#### Instructions to follow
Find the line below with "2 BHK Apartment" and the line with "EL ANIMAL MÁS INÚTIL DEL MUNDO: EL PEZ LUNA". Output them and the lines between, exactly, but not the pictures.

#### The input
_ _ _ _
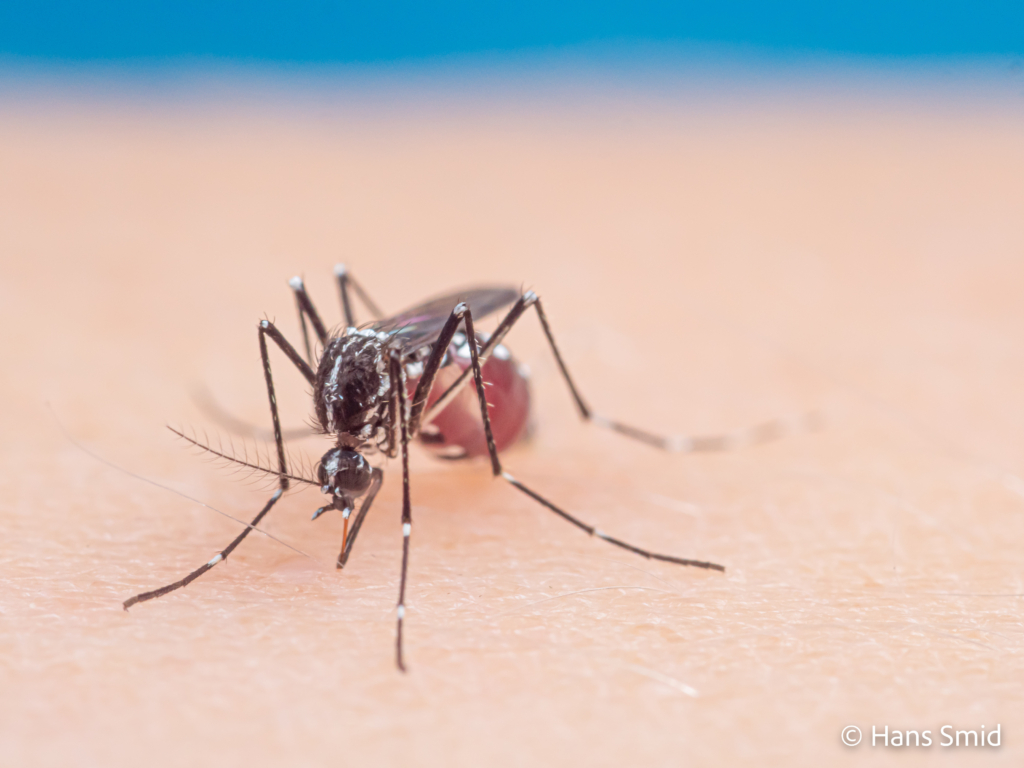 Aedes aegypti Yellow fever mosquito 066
_ _ _ _
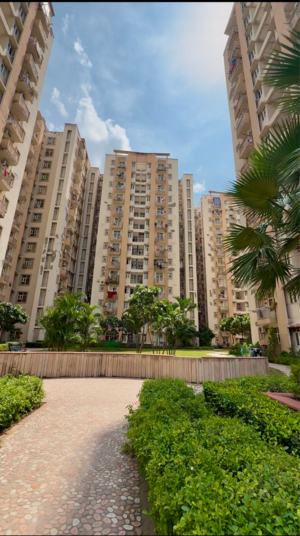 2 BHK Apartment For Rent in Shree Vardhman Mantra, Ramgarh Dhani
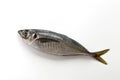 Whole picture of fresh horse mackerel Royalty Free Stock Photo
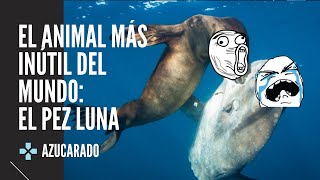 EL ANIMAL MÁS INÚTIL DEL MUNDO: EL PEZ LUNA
_ _ _ _
#### Written response
 2 BHK Apartment For Rent in Shree Vardhman Mantra, Ramgarh Dhani
 Whole picture of fresh horse mackerel Royalty Free Stock Photo
 EL ANIMAL MÁS INÚTIL DEL MUNDO: EL PEZ LUNA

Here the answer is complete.